Fallarle a los casi 36 millones de votantes que se pronunciaron en las urnas por continuar, consolidar y profundizar la transformación del país -lo que depende en gran medida de la aprobación de las reformas constitucionales- conduciría, a mi juicio, a una irreversible crisis política y social.
¿De qué sirve entonces la democracia? Se preguntarían y con razón, quienes consciente, libre y limpiamente como lo establece la Constitución, salieron a votar el 2 de junio. Ceder ante las presiones de los Estados Unidos, las entidades financieras internacionales y los poderes fácticos locales sería una traición imperdonable.
Con la dignidad y la decisión soberana de un pueblo que ha sido capaz, además, de dos proezas democráticas sucesivas y extraordinarias; la del 2018 que llevó al poder a Andrés Manuel López Obrador y la de este mismo año que llevará a Claudia Sheinbaum Pardo a Palacio, no se juega ni se negocia.
Eso han de entenderlo nuestros vecinos del norte. Como socios han de tratarnos y no como subalternos; nada tienen que enseñarnos sobre lo que es la democracia. México no se mete en sus asuntos; ellos no tienen derecho de meterse en los nuestros. Atrás quedaron los tiempos en que aquí se hacía lo que Washington ordenaba. En pausa seguirá, mientras no lo entienda, el embajador Ken Salazar.
La firmeza y la claridad son, cuando se trata de lidiar con una potencia de ese tamaño, las mejores armas y en eso son expertos tanto Andrés Manuel como Claudia.
Con un palmo de narices se quedarán quienes, tanto en el extranjero como aquí, apuestan a una ruptura entre ellos. La Presidenta no hereda las reformas constitucionales de su antecesor como muchos especulan; ella -en tanto que sabe que de esas reformas depende el éxito de su gestión- es una firme impulsora de las mismas y en especial de la del Poder Judicial.
Y si la firmeza y la claridad funcionan para tratar con los estadounidenses, han de servir también para lidiar con los poderes fácticos en México y con lo que queda de la oposición conservadora. Suele decir López Obrador que quien “se aflige se afloja” y tiene razón. Aguantar a los vecinos y rendirse ante los adversarios locales -por más poderosos que estos sean- sería impensable tanto en él como en Claudia.
Echarán los conservadores toda la carne al asador, buscarán alianzas en el extranjero para desestabilizar al país, golpear la moneda, tratar de hacer difícil el primer tramo del próximo gobierno; el problema es que, en esos empeños, de resultar exitosos, ellos mismos y sus empresas pagarían -antes que nadie- las consecuencias.

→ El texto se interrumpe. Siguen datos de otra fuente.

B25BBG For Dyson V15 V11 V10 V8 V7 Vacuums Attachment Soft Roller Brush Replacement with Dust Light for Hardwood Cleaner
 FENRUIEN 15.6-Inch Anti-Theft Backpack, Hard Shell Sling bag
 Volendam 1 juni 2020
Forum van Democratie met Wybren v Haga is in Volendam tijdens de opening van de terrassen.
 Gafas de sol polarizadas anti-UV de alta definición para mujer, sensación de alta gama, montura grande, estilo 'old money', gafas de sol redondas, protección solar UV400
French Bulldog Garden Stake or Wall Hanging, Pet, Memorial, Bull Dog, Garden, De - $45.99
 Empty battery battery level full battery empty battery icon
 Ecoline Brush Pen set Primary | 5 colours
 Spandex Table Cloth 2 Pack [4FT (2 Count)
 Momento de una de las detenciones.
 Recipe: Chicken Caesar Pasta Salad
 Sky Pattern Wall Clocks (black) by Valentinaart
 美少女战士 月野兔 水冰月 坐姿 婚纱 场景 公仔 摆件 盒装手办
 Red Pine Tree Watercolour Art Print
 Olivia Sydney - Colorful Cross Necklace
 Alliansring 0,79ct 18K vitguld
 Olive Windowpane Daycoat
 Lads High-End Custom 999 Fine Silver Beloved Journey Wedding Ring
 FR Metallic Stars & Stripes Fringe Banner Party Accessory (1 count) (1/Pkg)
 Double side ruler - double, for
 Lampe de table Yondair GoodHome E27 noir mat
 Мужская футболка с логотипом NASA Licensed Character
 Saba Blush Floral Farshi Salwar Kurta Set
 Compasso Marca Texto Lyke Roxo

Patético y muy poco rentable resulta, por otro lado, el discurso estridente y melodramático de los más insignes intelectuales de la derecha conservadora. Aquí no está en riesgo de morir la República, aquí no se va a instaurar una dictadura. Eso nadie, con dos dedos de frente, puede creerlo; menos todavía después de la fiesta democrática que vivimos.
Reformar, regenerar al Poder Judicial -una demanda que comparten millones de mexicanas y mexicanos y contra la que se alzan sólo unos cuantos- es la mejor forma de afianzar y fortalecer la democracia en nuestro país. Tocará resistir, persistir y vencer y de esto, tanto el Presidente que se va como la Presidenta que llega, lo saben todo.